WORK INSTRUCTION
Below is a listing to write out in full, exactly as given, without its pictures.

---------- THE DATA

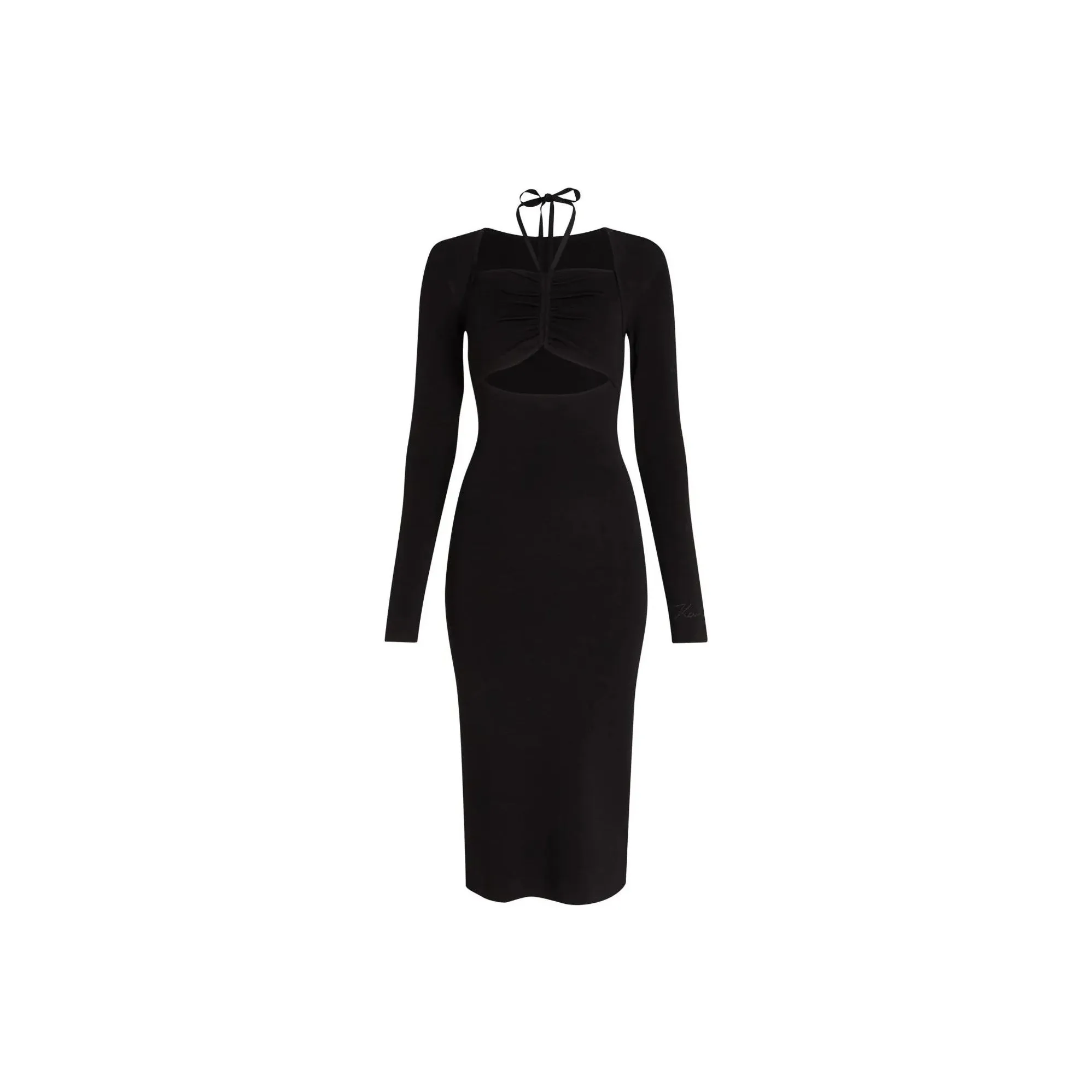 Karl Lagerfeld Cut out Long Sleeve Knit Dress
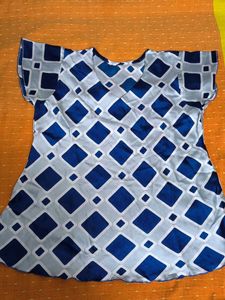 Blue Geometric Print Top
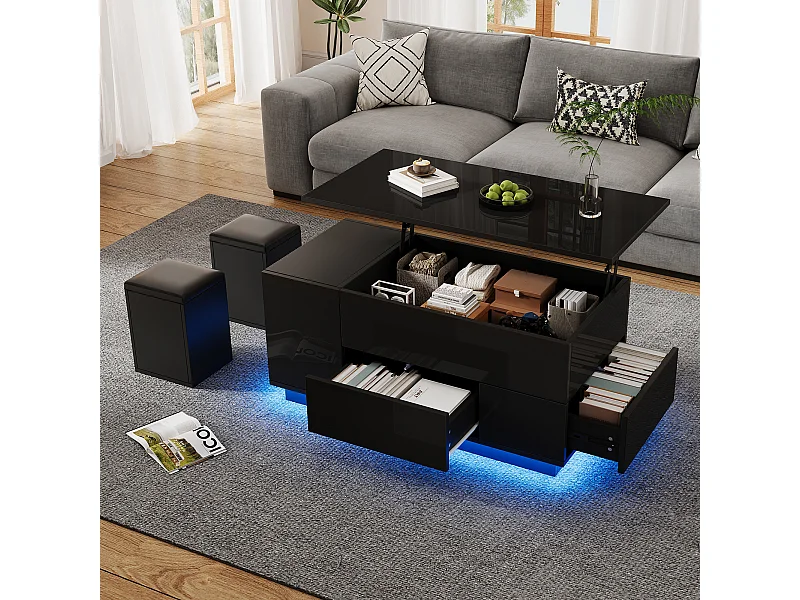 Table basse avec 2 tabourets et 2 tiroirs - réglable en hauteur et tabouret de rangement - espace de rangement semi-ouvert - noir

--------------------

TASK RESPONSE
 Karl Lagerfeld Cut out Long Sleeve Knit Dress
 Blue Geometric Print Top
 Table basse avec 2 tabourets et 2 tiroirs - réglable en hauteur et tabouret de rangement - espace de rangement semi-ouvert - noir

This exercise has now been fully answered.